Mary Foxe is suspected by Daphne Fox of having an affair with her husband St John Fox. But is Mary merely a figment of St John Fox's writerly imagination? "Her name's Mary. You'd like her, I think. She's kind of direct. No-nonsense. I made her up during the war" (p.73). These 3 characters each have first-person chapters. At the end Mary suggests to Daphne that she should write. The novelist writes about women being killed. Throughout the book there are allusions to Bluebeard and Reynardine (fables I was unaware of, though I sensed the influence of Angela Carter). Within the love triangle, Mary's existence is questioned, but the existence of any woman mentioned in a relationship is precarious. That theme is only part of the fun though. There are many chapters that are self-contained stories, related only partially to the main plot. Maybe Mary wrote them. They describe further love triangles and unsymmetrical relationships, but also stories like "my daughter the racist" where the connection's harder to discern. The stories are rich in detail - there's never a dull moment - "All around them people were speaking a language Brown didn't understand; it was like silence with sharp edges in it" (p.80); "It was a long way up - the lift kept stopping, and other people entered it and left - I couldn't see them, only felt them, like clouds drifting around us", (p.119). The sustained invention is impressive. "the training at madame de silentio's" is the weakest part.
I much preferred this to previous books of hers that I've read. I'd need to read it again to come to any further conclusions. The clues are in the text for those who've read more widely than I have - "You're not Bluebeard? Or Reynardine? (p.227). The nature of storytelling and the role of muses are sub-themes. In interviews she's said
- "I read Daphne du Maurier's Rebecca and instructed myself to write a linear suspense story based on Bluebeard, complete with locked doors and a brooding, irresistible wife-killer. My instructions to myself were completely ignored and I ended up going on a jaunt through a Bluebeard kaleidoscope"
- "The tone and style switches a few times in the different stories that make up the book. In part, it's a story about the power of stories; Mary wants to broaden Mr Fox's perspective on love and his attitude towards the stories he tells, and part of that process is destabilising him and interfering with almost everything he's previously believed about the way a story goes.
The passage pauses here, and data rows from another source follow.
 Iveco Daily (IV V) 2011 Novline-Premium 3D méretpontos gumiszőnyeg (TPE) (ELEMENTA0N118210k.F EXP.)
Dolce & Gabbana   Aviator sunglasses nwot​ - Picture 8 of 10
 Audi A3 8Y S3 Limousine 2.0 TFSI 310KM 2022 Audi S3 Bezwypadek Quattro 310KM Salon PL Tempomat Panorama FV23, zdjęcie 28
To that end, I had to find ways to tell each story as if it stood alone, as if it were a separate world that was unaware of the others that were connected to it."
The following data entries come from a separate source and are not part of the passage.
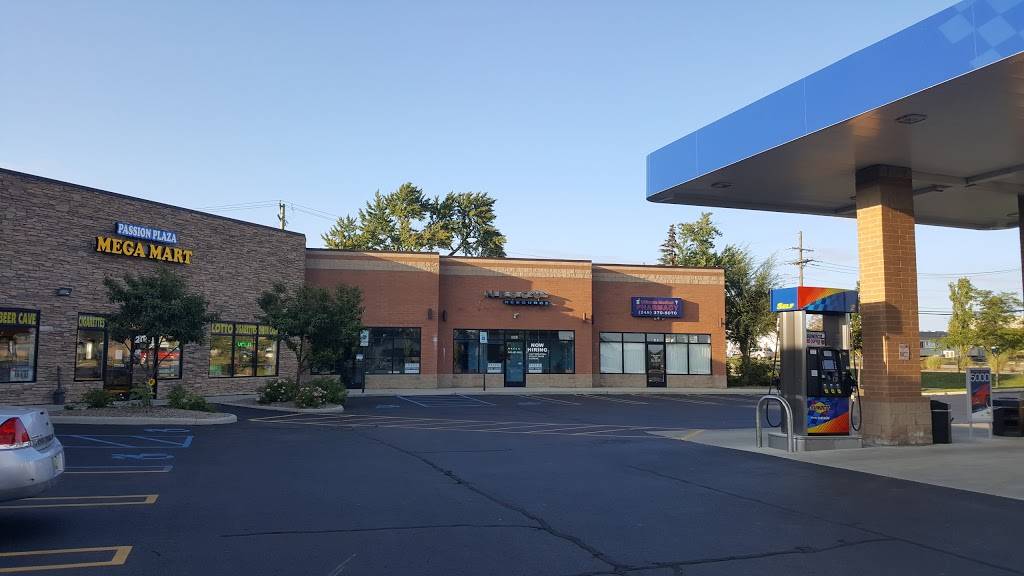 SUNOCO - PASSION PLAZA | meal takeaway | 2031 N Opdyke Rd, Auburn Hills, MI 48326, USA | 2484996656 OR +1 248-499-6656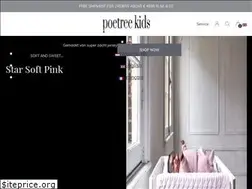 Sites similar to poetreekids.com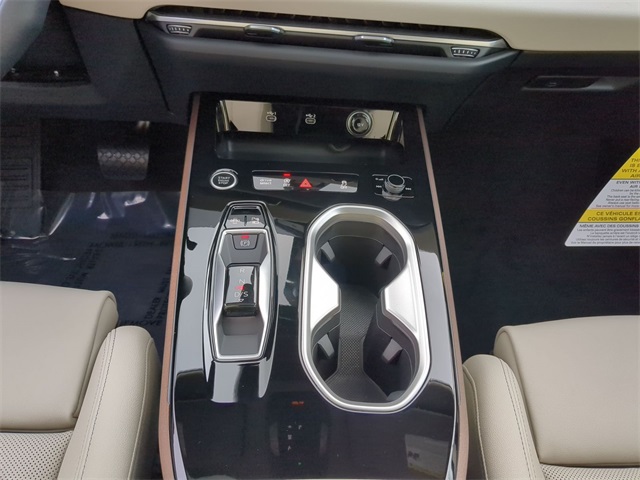 new 2026 Audi A6 car, priced at $74,770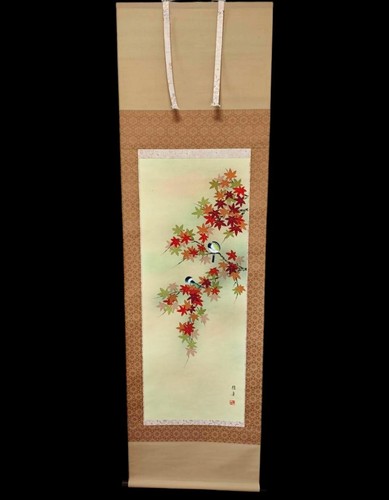 Peinture murale japonaise - murale,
The book's been heavily reviewed. Below are the main online reviews I found, but there are more.
Other reviews
- Anita Sethi (Observer)
- Aimee Bender (New York Times)
- Boyd Tomkin (The Independent)
- Kylee Stoor (Bookslut)
- Joseph Sutton (Huffington Post)
- Lucy Daniel (The Telegraph) (Mr Fox is full of luminous moments, but they are obscured by the haziness of the structure)
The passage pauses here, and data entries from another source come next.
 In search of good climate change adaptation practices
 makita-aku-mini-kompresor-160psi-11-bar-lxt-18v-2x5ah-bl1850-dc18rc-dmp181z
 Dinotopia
- Tessa Mellas (the Short Review) (It’s a novel interspersed with short stories ... Oyeyemi picks up where Angela Carter left off in The Bloody Chamber, taking on the bloodthirsty Bluebeard figure and his alternate egos, but pushing the story further, spinning it over and over again.)
- Liz Colville (NPR books) (Mr. Fox is named for the wife-killer in the English folk tale "Mr. Fox," a variant of the Bluebeard story)
- Larissa Kyzer (the Second Pass)
- Justin Jordan (Guardian) (Where Angela Carter exposed the hidden logic of fairy tale, Oyeyemi delights in turning that logic on its head)
- Abby O'Reilly (Independent)
- J.C. Sutcliffe (The Globe and Mail) (Mr. Fox is Oyeyemi’s first book without a child or young adult as a principal protagonist, and this is a welcome departure. ... Mr. Fox should convince a whole new audience that Oyeyemi is the real thing.)
- Erin Suzuki (California Literary Review)
- Andy Sawyer (Strange Horizons) (Mr Fox is not an easy book to get a handle on. Some of its sections are given titles, as stories in their own right. Others flow on from previous scenes. Some have an attributable narrative voice - St John, Mary, Daphne - others not. Some, such as "my daughter the racist," set in Middle Eastern country afflicted by Western occupation, are standalone stories in their own right, others refer to characters or themes which will be clarified later)
Mr. Fox is a book that will not be great fun for readers who like a linear plot or story lines. The stories within the story lead the reader to places around the world and beyond, personal challenges are issued all the time, and the voices change (or do they?). Still, there is a subtle structure to the novel, a bit like a jigsaw where the pieces will fit eventually, in some expected or unexpected way. It is quite a ride, funny, heart-warming and full of surprises.